8. Het betoog van eiser slaagt niet. Met betrekking tot de zware grond 3a heeft eiser niet betwist dat hij niet over een geldig document voor grensoverschrijding beschikt, de grond is dan ook feitelijk juist. Bovendien is door eiser niet geconcretiseerd waarom hieruit geen risico op onttrekking aan het toezicht blijkt. Ten aanzien van het niet aankruisen van de zware gronden 3b en 3c is van belang dat het voor eiser buiten redelijke twijfel was dat deze gronden zijn tegengeworpen, omdat ze wel expliciet benoemd en gemotiveerd zijn in de maatregel. Daarom worden deze gronden wel betrokken in de beoordeling. [5] Deze gronden zijn feitelijk juist, omdat eiser verklaard heeft een tijd illegaal gewerkt te hebben voordat hij zich meldde en hij zich niet aan het terugkeerbesluit van 29 augustus 2023 heeft gehouden. Voor de zware grond 3d is niet van belang dat er een lp is, omdat hij verklaard heeft identiteitsdocumenten te hebben gehad en contact te hebben met familieleden. Omdat hij nimmer iets ondernomen heeft om zijn identiteit te onderbouwen, is ook deze grond feitelijk juist. Voor wat betreft de zware grond 3e blijkt uit de Dublininformatie van Spanje van 3 augustus 2023 dat hij een andere achternaam heeft opgegeven, waardoor ook deze grond feitelijk juist is. De enkele stelling dat sprake zou zijn van een andere spelling doet hieraan niet af. Tot slot heeft eiser de zware grond 3i niet betwist en is deze feitelijk juist, omdat hij in het gehoor voorafgaande aan de inbewaringstelling heeft aangegeven niet terug te willen keren naar Marokko. Voor al deze gronden geldt dat geen nadere motivering vereist is, [6] waardoor deze terecht zijn tegengeworpen.

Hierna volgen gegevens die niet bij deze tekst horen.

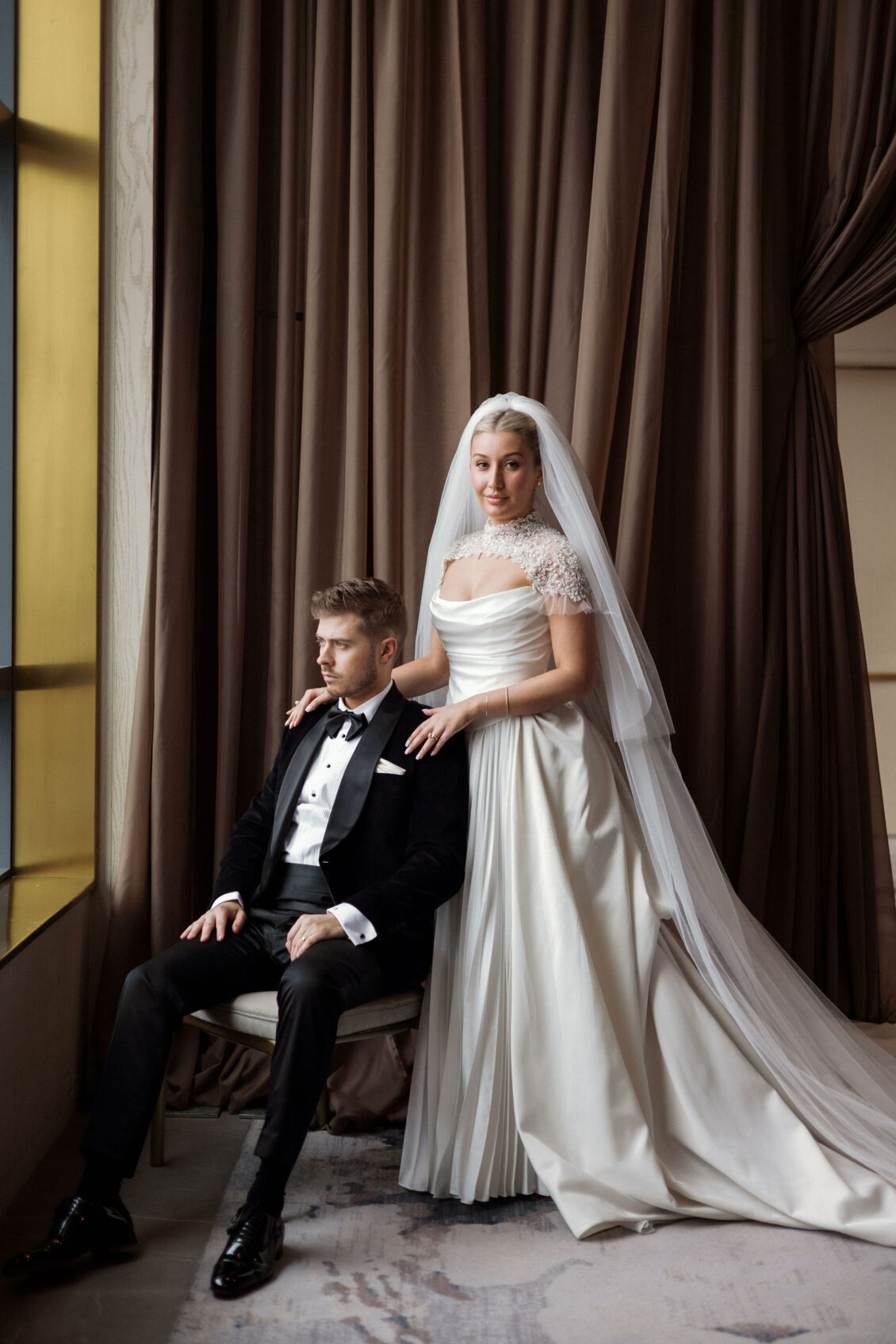 Ariana and Julian at their reception design wedding, photographed by Daybreak Studios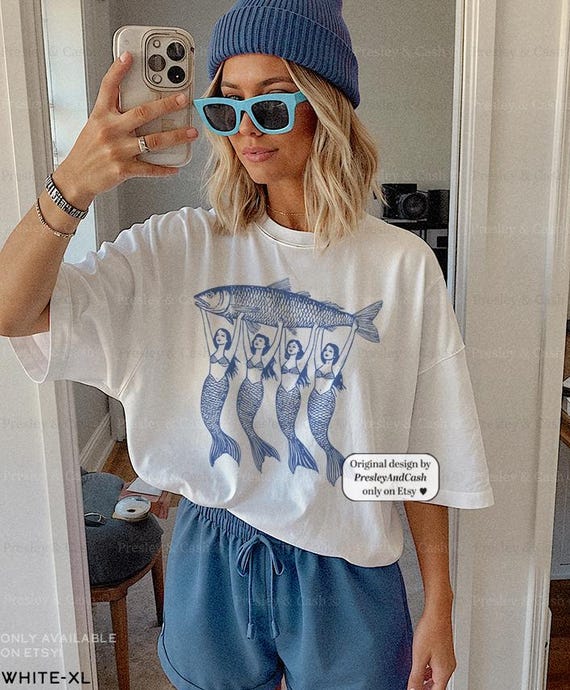Sardine Graphic Tee Mermaid Sardine Shirt La Dolce Vita TShirt Tinned Fish Shirt Amalfi Aesthetic Clothes Oversized Comfort Colors Shirt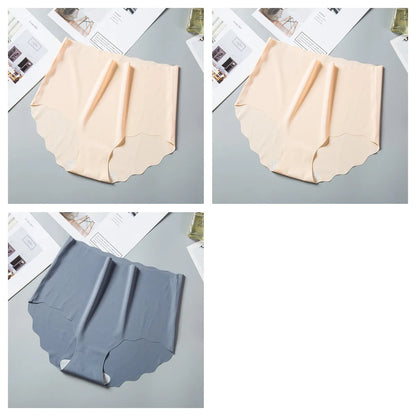 3Pcs/Set Ice Silk Panties Women Hip Lift Briefs Seamless Underwear Female High Waist Panties M-XXL Underpants Invisible Lingerie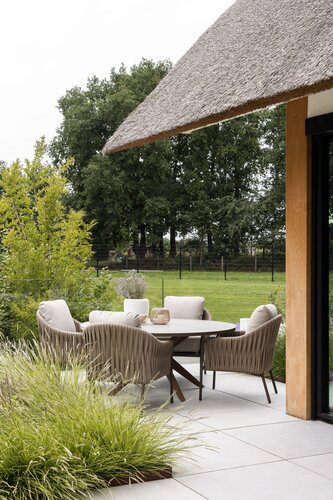 Yoi Hydra 5-delige low dining set Calma table belt - Bronze - Toffee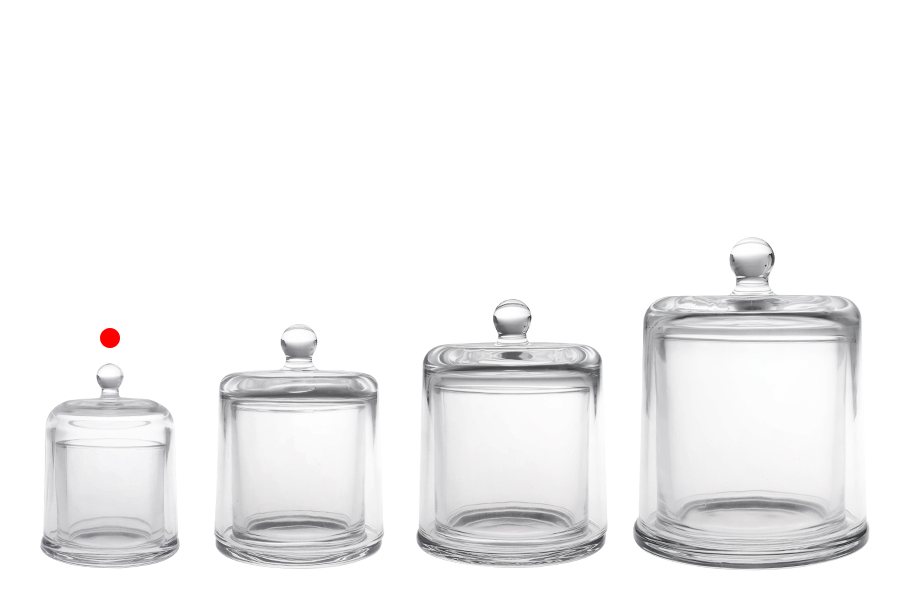 Dekorativna staklena fondanjera 120 mL sa zvono poklopcem-grupa_slika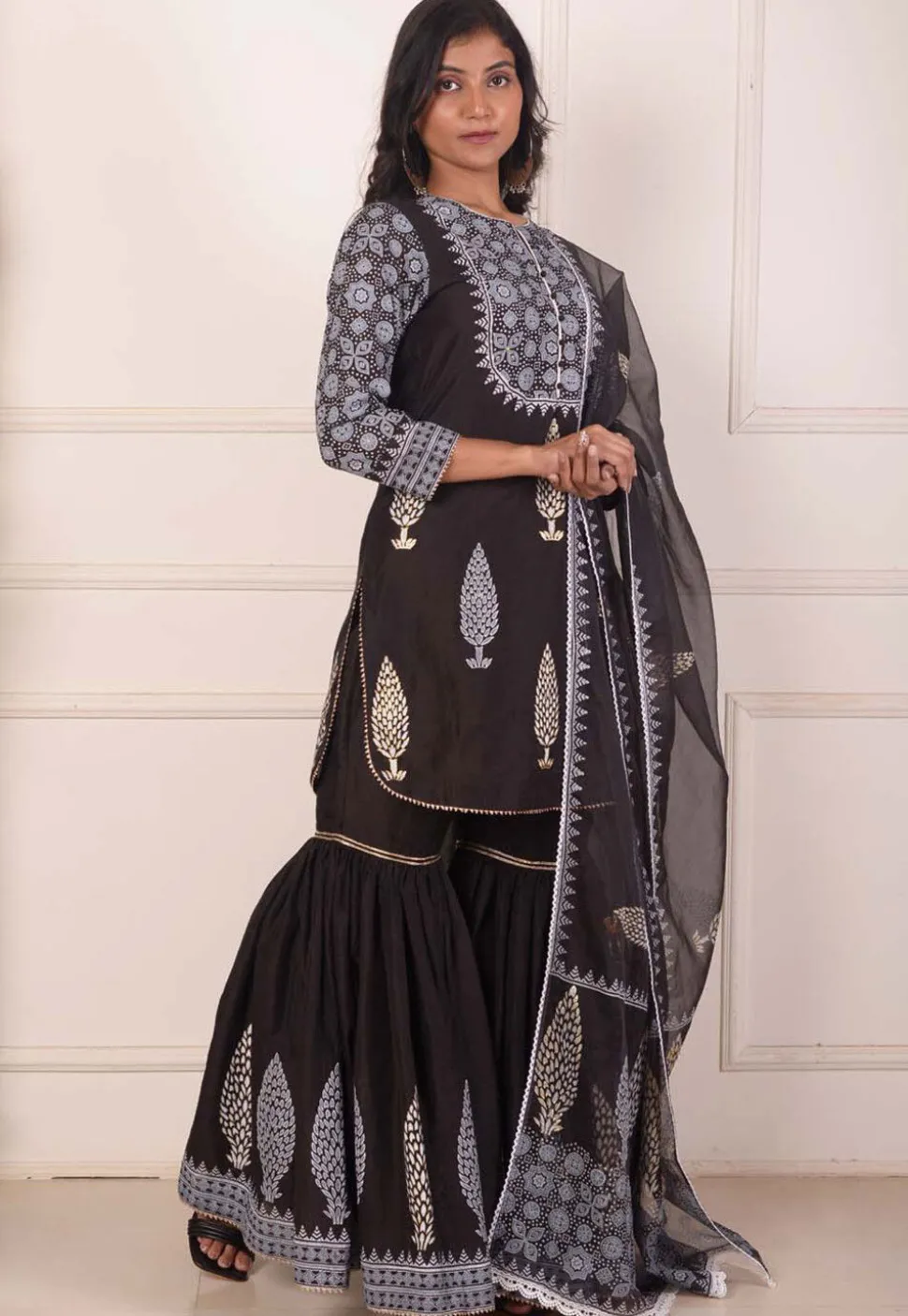 Foil Printed Chanderi Silk Pakistani Suit in Black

9. Dat betekent dat deze zes zware gronden ten grondslag konden worden gelegd aan de maatregel van bewaring. Dat is voldoende om de maatregel te dragen en een risico op onttrekking aan het toezicht aan te nemen. [7] Wat eiser over de lichte gronden naar voren heeft gebracht behoeft daarom geen bespreking meer.
Ambtshalve toets [8]
10. Tot slot leidt de ambtshalve toetsing niet tot het oordeel dat de maatregel van bewaring tot het moment van het sluiten van het onderzoek op enig moment onrechtmatig was.
Conclusie
11. Het beroep is ongegrond. Daarom wordt ook het verzoek om schadevergoeding afgewezen.
12. Voor een proceskostenveroordeling bestaat geen aanleiding.
Beslissing
De rechtbank:
- verklaart het beroep ongegrond;
- wijst het verzoek om schadevergoeding af.
Deze uitspraak is gedaan door mr. H. Remerie, rechter, in aanwezigheid van mr. Ż.A. Meinert, griffier, en openbaar gemaakt door middel van geanonimiseerde publicatie op
www.rechtspraak.nl.
De uitspraak is bekendgemaakt op:
Rechtsmiddel
Tegen deze uitspraak kan hoger beroep worden ingesteld bij de Afdeling bestuursrechtspraak van de Raad van State binnen één week na de dag van bekendmaking.

Voetnoten

2.Laissez-passer.
3.Richtlijn 2008/115/EG.
4.Uitspraak van de Afdeling bestuursrechtspraak van de Raad van State (AbRS) van 12 januari 2022, ECLI:NL:RVS:2022:28.
5.AbRS 2 juli 2012, ECLI:NL:RVS:2012:BX0747.
6.AbRS 25 maart 2020, ECLI:NL:RVS:2020:829.
7.Artikel 5.1b, eerste lid, van het Vreemdelingenbesluit 2000.
8.Hof van Justitie van de Europese Unie 8 november 2022, ECLI:EU:C:2022:858.